→ **Assignment**
Below are some records. Write out exactly their lines from the one with "Самолет из Москвы" through the one with "4700 Washington Street Hollywood FL 33021", and leave the pictures behind.

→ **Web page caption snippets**
□ □ □

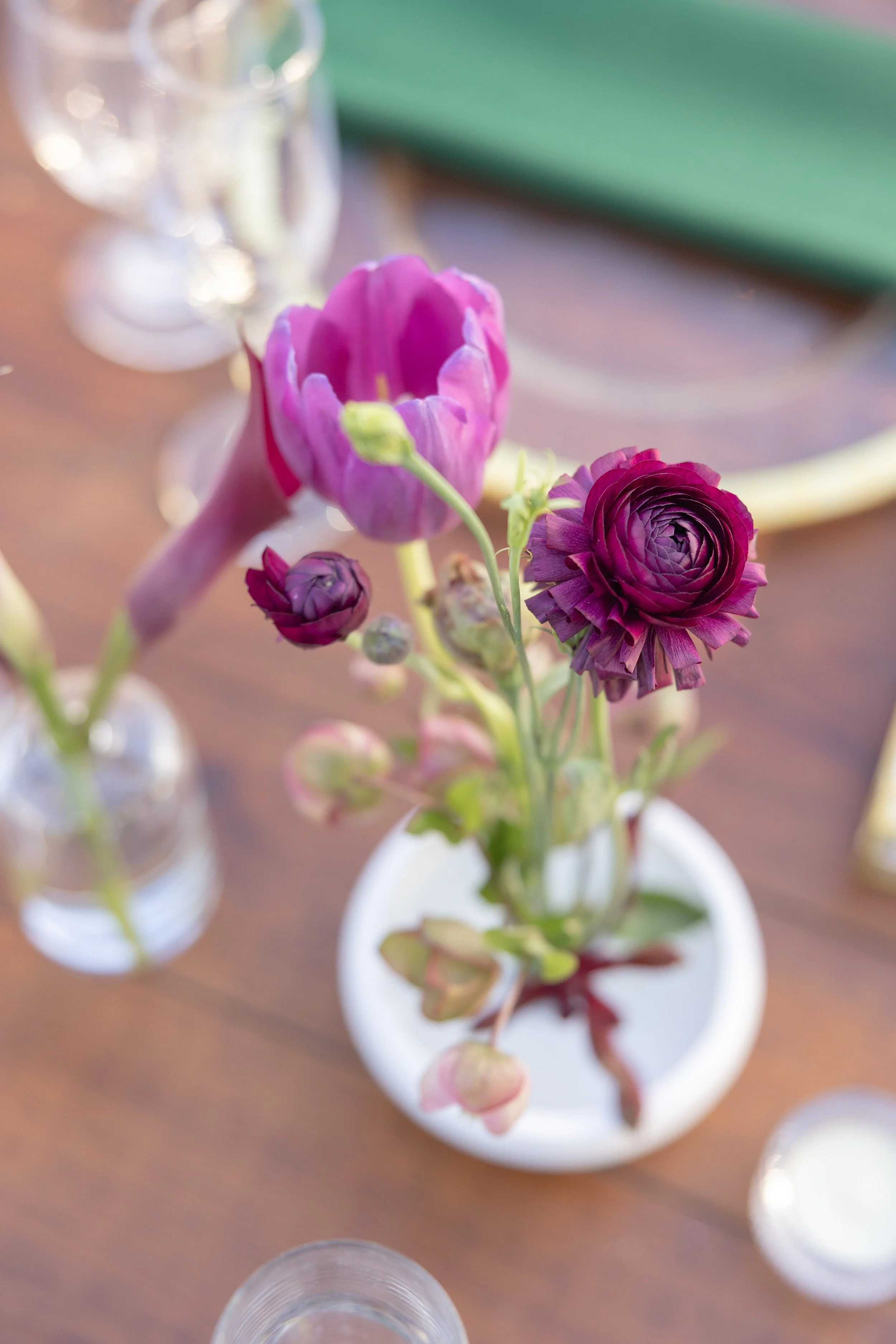 I'm looking for a florist in Miami that designs romantic and delicate floral arrangements for weddings. 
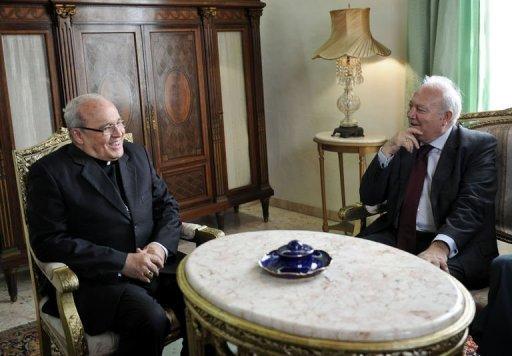 El ministro de Asuntos Exteriores español, Miguel Ángel Moratinos (dcha), y el cardenal cubano Jaime Ortega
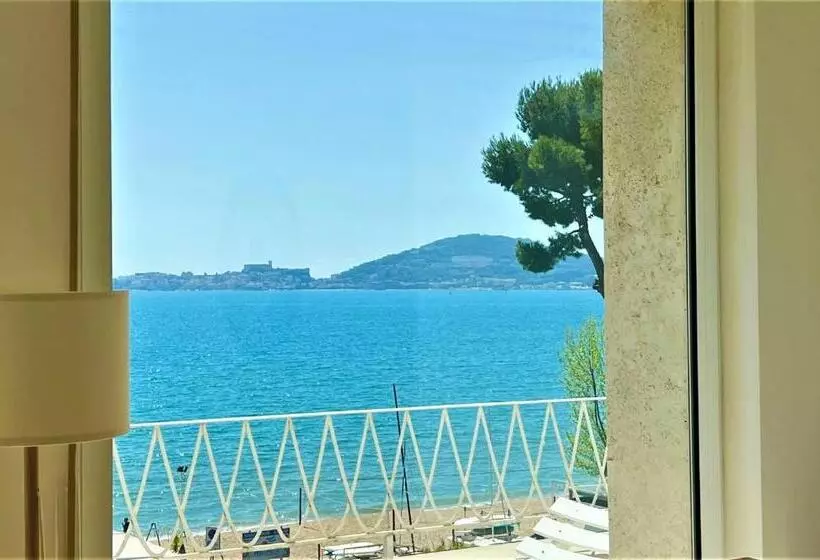 تختخواب و صبحانه Villa Magnolia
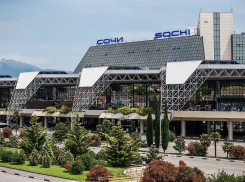 Самолет из Москвы не смог приземлиться в аэропорту назначения на Кубани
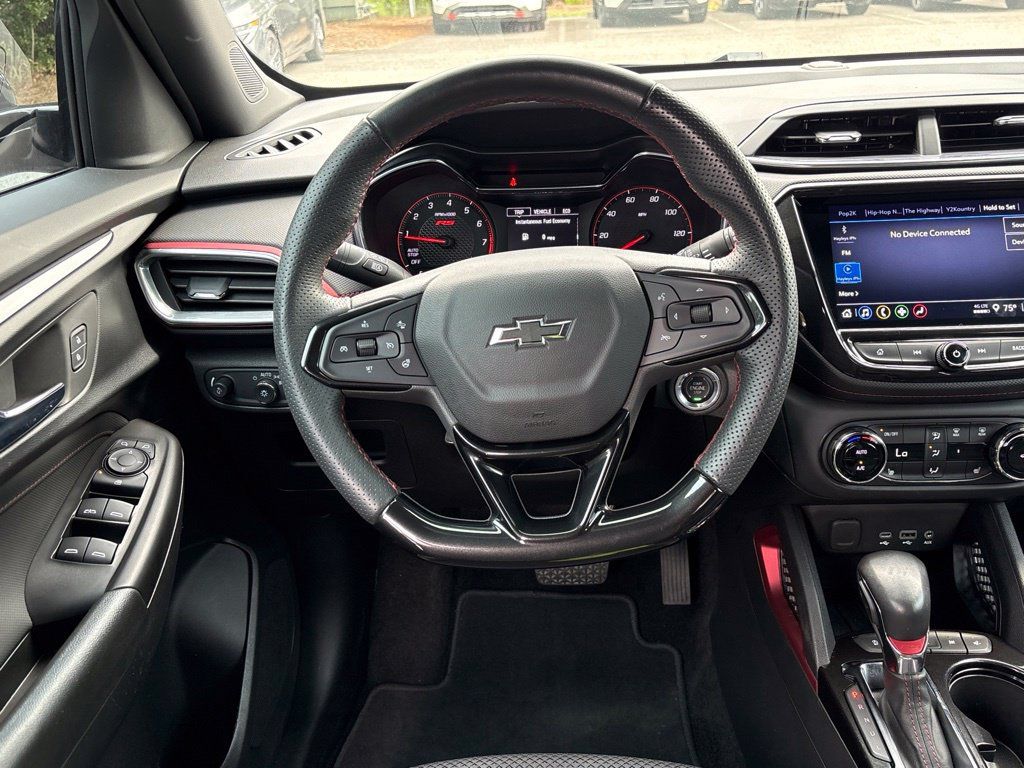 Used 2023 Chevrolet TrailBlazer RS w/ Convenience Package FWD image 28
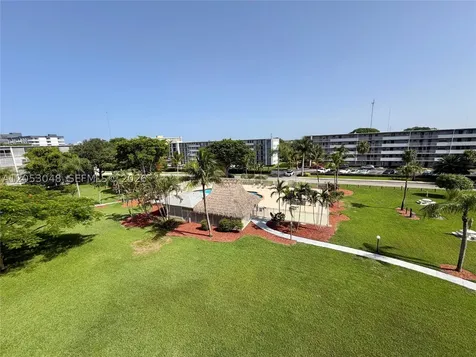 4700 Washington Street Hollywood FL 33021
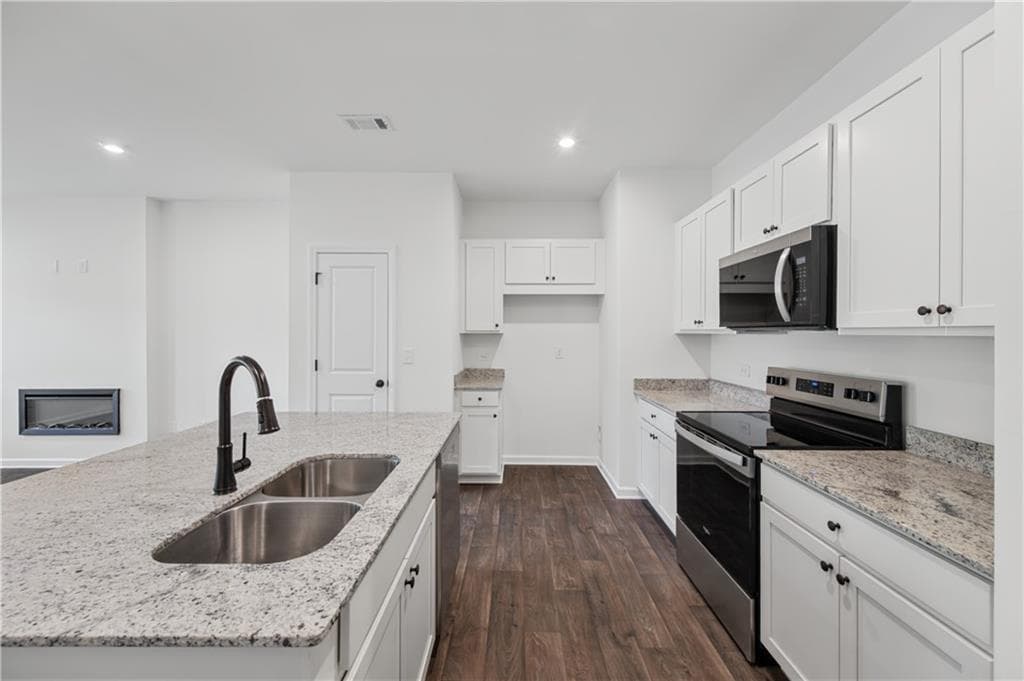 3 bedroom, 3 bathroom, 1,568 sq ft townhouse for sale at 323 Rolling Green Road, Adairsville, GA 30103 — photo 5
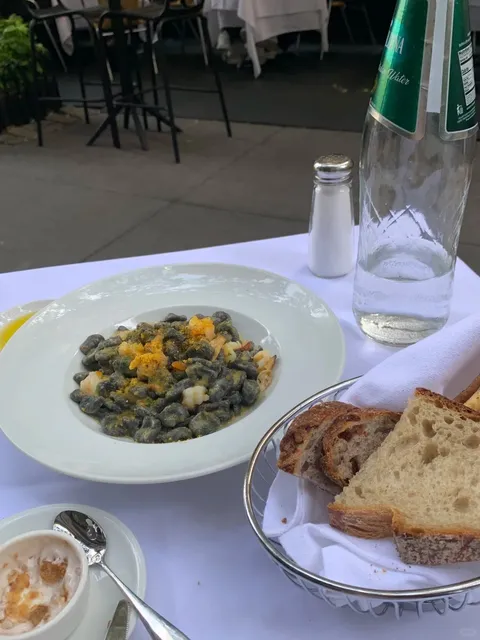 Brunch by Central Park 🥰 | A (Nearly) Truffle-tastic Story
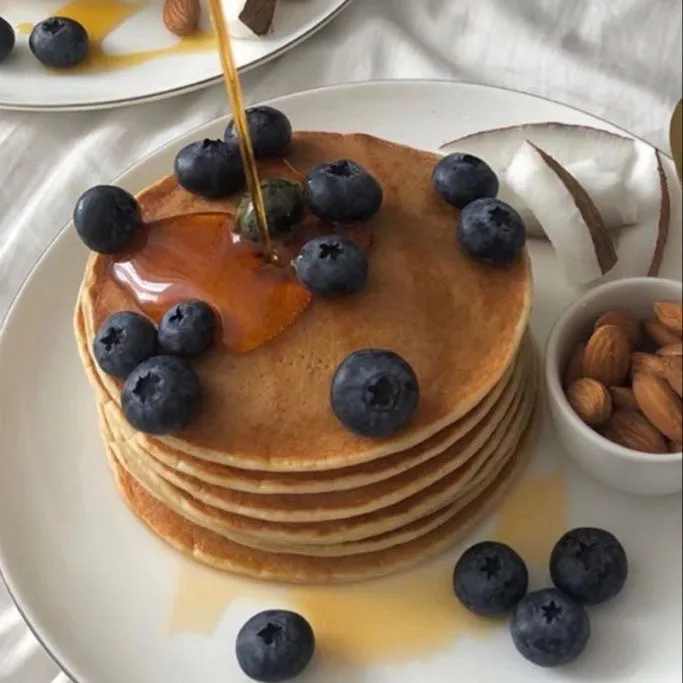 Idea for the weekend: cooking pancakes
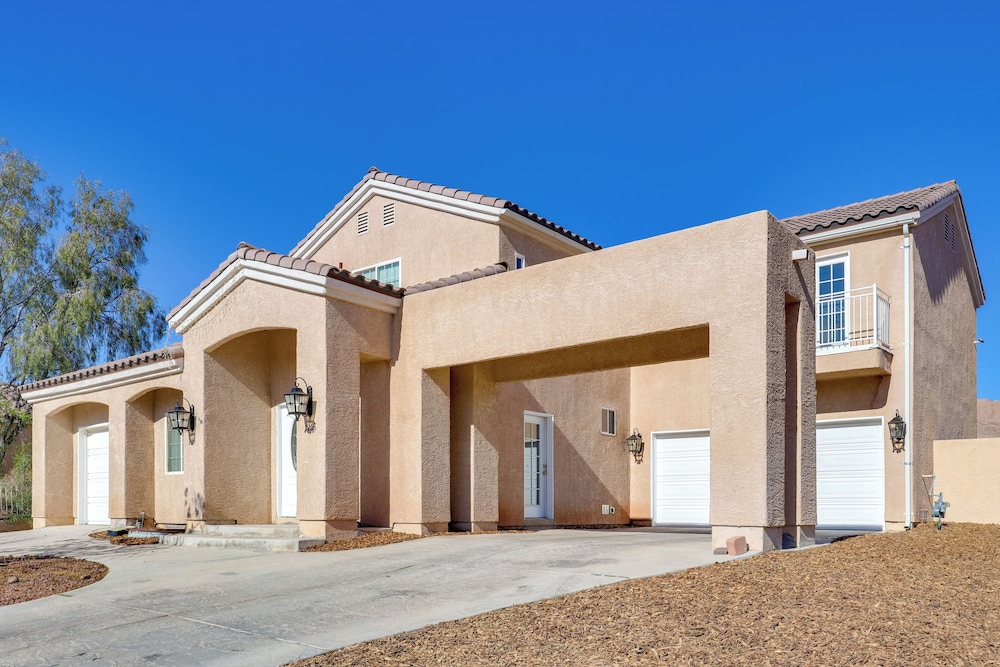 7 Mi to Fremont Street: Spacious Vegas Home!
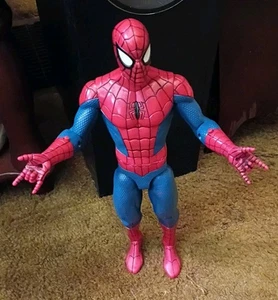 Disney Store exklusive Marvel Spider Man 13" sprechende Actionfigur funktioniert - Bild 1 von 17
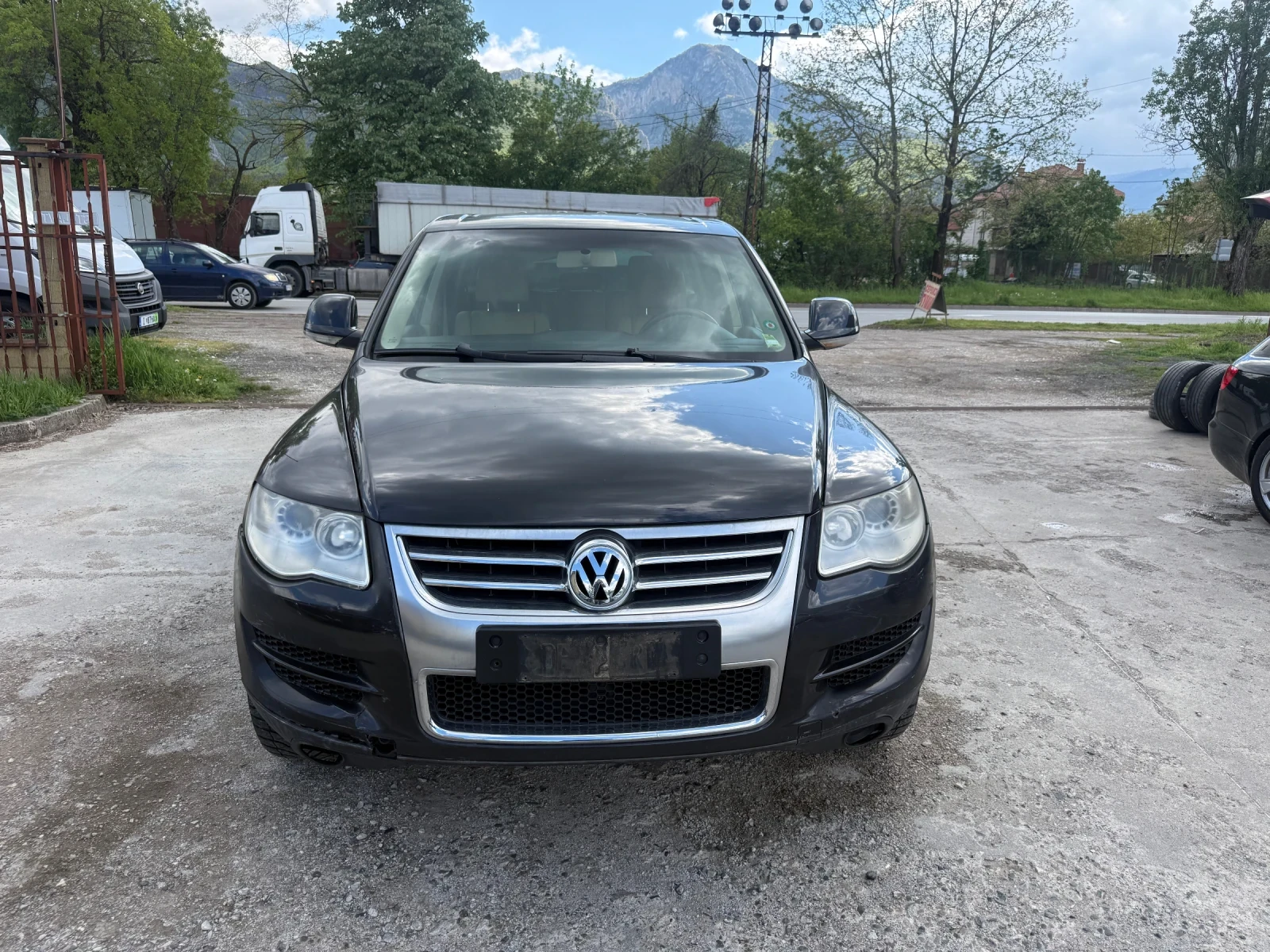VW Touareg 2.5 tdi ръчни ск., снимка 3 - Автомобили и джипове - 54380110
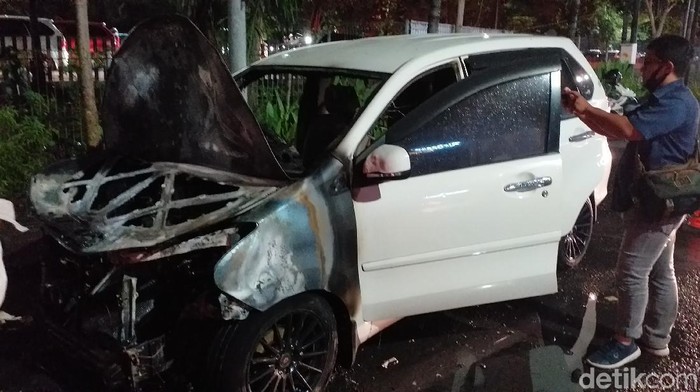 mobil terbakar di surabaya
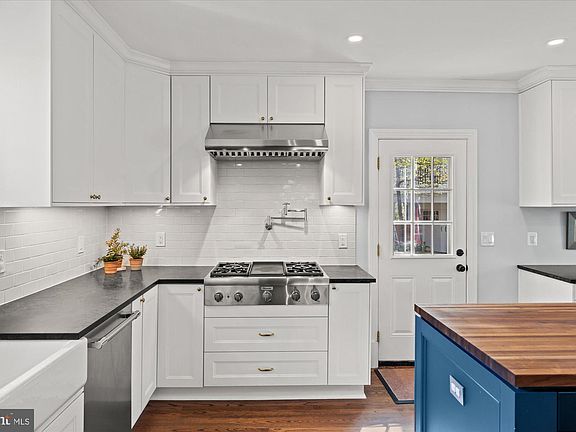 5th image of 6210 Randall Ct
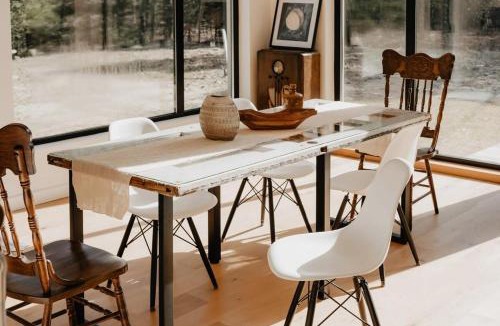 Kerhonkson House | Trail's End - Modern and Private Cabin in the Wood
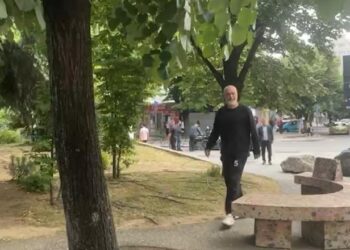 Çfarë ndodhi? Pak para mbylljes së kutive, Rama mbërrin në selinë e PS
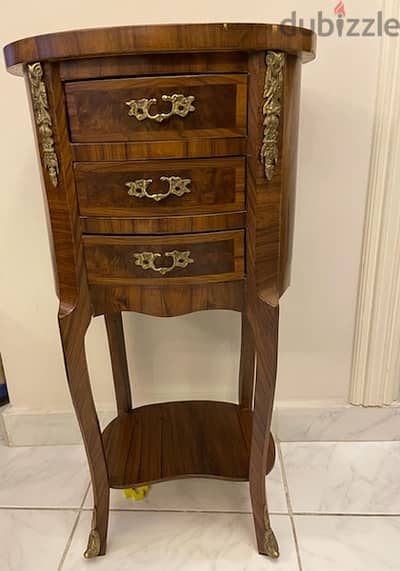 table with 3 drawers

□ □ □

→ **Written answer**
 Самолет из Москвы не смог приземлиться в аэропорту назначения на Кубани
 Used 2023 Chevrolet TrailBlazer RS w/ Convenience Package FWD image 28
 4700 Washington Street Hollywood FL 33021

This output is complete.